Stakeholders proffer solutions to exam malpractice

BY: Emmanuel Bonney
Wendy Enyonam Addy-Lamptey (inset), Head of National Office of WAEC, addressing the stakeholders. Pictures: Ernest Kodzi
Wendy Enyonam Addy-Lamptey (inset), Head of National Office of WAEC, addressing the stakeholders. Pictures: Ernest Kodzi

Panel members at a stakeholders’ forum in Accra have proposed various measures to deal with examination malpractice in the country.

The measures include leveraging the use of technology with the adoption of computer-assisted examination, writing of examination in larger halls fitted with cameras to accommodate candidates at a go and making 50 per cent of examination questions practicals.

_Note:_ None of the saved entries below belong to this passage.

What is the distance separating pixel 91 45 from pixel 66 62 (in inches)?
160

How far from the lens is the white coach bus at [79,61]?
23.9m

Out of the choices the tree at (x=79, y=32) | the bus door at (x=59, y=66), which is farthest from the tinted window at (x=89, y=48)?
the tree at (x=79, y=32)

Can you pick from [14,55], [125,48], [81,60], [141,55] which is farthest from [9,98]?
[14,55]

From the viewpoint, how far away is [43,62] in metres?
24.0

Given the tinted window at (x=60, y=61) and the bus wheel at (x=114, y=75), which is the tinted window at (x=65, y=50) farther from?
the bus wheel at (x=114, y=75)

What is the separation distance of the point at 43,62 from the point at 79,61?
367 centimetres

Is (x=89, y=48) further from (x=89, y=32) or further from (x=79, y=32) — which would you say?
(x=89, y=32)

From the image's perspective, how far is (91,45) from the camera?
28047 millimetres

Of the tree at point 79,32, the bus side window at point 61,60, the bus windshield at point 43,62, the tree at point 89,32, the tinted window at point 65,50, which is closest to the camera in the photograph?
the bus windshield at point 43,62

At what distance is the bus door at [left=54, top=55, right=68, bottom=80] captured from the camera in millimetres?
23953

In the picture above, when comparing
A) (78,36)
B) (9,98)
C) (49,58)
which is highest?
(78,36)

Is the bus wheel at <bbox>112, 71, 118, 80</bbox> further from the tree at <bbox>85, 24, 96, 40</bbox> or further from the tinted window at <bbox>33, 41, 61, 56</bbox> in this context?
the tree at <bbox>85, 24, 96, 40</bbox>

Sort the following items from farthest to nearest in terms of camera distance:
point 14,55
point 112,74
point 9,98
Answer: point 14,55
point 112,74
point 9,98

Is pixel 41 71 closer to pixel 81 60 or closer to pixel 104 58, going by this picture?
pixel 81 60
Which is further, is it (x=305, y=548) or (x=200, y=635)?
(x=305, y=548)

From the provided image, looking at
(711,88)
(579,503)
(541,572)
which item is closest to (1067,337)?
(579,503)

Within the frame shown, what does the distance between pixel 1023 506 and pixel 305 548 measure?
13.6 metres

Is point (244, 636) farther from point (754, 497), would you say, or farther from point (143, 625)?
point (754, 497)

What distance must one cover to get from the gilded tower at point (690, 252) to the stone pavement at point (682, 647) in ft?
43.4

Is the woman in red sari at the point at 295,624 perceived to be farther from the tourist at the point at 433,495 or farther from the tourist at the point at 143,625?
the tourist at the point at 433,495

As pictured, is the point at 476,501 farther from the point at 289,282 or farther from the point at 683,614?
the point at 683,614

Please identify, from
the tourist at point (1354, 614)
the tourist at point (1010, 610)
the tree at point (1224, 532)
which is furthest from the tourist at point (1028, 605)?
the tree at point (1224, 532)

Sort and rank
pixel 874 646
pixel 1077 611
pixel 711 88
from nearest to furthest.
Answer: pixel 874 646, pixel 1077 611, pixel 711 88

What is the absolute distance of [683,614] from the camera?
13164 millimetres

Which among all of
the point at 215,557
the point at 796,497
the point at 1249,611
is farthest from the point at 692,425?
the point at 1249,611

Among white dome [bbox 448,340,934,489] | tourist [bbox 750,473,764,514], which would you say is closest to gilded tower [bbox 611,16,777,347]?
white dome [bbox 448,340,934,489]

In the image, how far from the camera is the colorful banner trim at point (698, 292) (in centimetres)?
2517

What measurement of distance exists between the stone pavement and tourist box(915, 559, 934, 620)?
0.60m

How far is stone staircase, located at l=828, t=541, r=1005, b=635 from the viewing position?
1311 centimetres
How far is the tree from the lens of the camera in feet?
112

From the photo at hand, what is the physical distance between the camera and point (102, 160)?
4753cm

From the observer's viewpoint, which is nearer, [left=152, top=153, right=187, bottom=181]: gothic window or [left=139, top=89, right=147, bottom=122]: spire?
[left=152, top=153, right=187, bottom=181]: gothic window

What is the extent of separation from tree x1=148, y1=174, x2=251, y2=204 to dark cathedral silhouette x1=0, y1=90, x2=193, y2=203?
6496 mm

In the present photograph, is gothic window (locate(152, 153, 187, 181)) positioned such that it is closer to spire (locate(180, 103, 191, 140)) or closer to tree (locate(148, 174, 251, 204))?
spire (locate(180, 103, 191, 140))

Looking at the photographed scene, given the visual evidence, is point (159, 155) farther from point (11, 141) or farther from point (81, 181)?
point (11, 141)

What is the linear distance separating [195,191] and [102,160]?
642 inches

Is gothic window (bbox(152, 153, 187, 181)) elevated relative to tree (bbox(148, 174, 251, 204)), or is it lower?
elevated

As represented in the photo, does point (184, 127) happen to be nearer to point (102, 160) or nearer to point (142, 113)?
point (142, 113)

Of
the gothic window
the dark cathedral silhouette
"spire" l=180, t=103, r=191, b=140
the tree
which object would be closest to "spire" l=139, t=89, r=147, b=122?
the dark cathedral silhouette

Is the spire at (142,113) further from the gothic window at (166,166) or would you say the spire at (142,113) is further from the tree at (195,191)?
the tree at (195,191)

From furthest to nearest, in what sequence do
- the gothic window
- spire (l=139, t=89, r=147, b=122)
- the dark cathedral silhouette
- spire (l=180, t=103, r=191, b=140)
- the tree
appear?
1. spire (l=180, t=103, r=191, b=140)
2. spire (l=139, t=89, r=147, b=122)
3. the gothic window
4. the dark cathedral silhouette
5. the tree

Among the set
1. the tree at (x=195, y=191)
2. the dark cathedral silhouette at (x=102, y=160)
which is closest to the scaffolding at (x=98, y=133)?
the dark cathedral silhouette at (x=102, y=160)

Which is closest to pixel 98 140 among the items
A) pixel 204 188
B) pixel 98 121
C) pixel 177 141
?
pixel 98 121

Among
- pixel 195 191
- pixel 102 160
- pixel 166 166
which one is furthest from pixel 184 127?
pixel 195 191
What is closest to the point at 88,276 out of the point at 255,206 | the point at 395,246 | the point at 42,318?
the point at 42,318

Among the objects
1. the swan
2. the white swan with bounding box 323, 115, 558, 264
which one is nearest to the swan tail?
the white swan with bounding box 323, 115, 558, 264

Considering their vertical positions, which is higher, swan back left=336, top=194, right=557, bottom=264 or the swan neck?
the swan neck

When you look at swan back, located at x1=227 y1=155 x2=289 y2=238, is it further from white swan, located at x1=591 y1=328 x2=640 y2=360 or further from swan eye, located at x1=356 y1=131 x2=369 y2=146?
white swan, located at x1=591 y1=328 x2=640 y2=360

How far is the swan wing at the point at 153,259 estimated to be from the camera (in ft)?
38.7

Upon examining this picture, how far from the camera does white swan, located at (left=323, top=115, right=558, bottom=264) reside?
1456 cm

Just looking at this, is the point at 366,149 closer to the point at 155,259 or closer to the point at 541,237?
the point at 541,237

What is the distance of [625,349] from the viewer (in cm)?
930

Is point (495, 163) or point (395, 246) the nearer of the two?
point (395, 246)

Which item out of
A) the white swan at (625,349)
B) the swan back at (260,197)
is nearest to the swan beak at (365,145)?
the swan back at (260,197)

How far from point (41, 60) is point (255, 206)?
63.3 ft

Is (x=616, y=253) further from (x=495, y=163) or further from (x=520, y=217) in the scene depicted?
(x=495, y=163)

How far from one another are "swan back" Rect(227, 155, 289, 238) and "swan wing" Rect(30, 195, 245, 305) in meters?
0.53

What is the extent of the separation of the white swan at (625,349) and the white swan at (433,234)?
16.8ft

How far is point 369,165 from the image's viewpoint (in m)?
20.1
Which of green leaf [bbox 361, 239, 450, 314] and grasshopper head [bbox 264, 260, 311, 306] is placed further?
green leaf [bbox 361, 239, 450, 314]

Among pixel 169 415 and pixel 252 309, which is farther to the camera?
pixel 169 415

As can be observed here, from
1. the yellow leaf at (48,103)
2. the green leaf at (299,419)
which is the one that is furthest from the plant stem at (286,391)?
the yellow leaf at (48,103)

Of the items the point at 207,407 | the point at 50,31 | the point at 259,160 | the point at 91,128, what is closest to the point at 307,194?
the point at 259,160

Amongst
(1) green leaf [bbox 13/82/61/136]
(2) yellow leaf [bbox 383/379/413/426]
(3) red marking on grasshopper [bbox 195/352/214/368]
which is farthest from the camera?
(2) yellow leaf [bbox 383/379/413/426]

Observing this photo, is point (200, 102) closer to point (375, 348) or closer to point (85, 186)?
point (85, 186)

The speakers, who also called for a collective fight, are a Deputy Director-General of the Ghana Education Service (GES), Dr Kwabena Bempah Tandoh; the President of the Conference of Assisted Secondary Schools (CHASS), Alhaji Yakub Abubakar; the former Head of the Test Administration Division (TAD), Nii Christian Johnson, and the current Head of TAD of WAEC, George Ohene-Mantey.


The forum, which was organised by WAEC, was on the theme: “Seventy years of reliable education assessment — The journey, challenges and the way forward”.

In his submission, Dr Tandoh said that examination malpractice was indeed real and that the council was taking technical and strategic steps to address the problem of cheating in the conduct of examination.

He, among other things, mentioned the serialisation of examination questions introduced during the 2021 Basic Education Certification Examination (BECE), saying that the goal of the GES was not only to prepare students to pass examinations but also to prepare them for life.

He said there were punitive measures in place to sanction staff of the GES involved in malpractice so that examination conducted was not compromised.

Alhaji Abubakar, for his part, noted that there was the need to plug any loophole in the transportation of examination papers to the various schools across the country to avoid leakage and malpractice.


Apportioning blame, he said it was not the best since it was not helping the fight against the canker and that there was the need for all to come on board to deal with the problem.

Mr Johnson, who narrated the risky manner questions were transported in the past, said examination leaks and malpractice did not only affect the credibility of examination, it hurt most when staff of the council were linked to them.

He said “we need to raise our game in order to deal with the problem”
Mr Ohene-Mantey said WAEC had ensured that question papers from its end to the various depots were secured with padlocks and seals, among other things.


He said although there could not be 100 per cent security, the council was doing all it could to protect its examination from being compromised.

Leakages and other forms of malpractice, he said, took place outside the offices of WAEC and that 90 per cent of the cases of malpractice occurred when the question papers left the mandate of the council.

The Head of National Office of WAEC, Wendy Enyonam Addy-Lamptey, cautioned candidates and the general public to be mindful of the activities of rogue websites so that they were not misled, with the on-going West African Senior School Certificate Examination (WASSCE).

The council, she said was collaborating with the national security agencies with respect to the various aspects of administration of the examination.


The Director-General of the GES, Professor Kwasi Opoku-Amankwa, commended WAEC for the organisation of the forum, aimed at promoting the sanctity of examination conducted.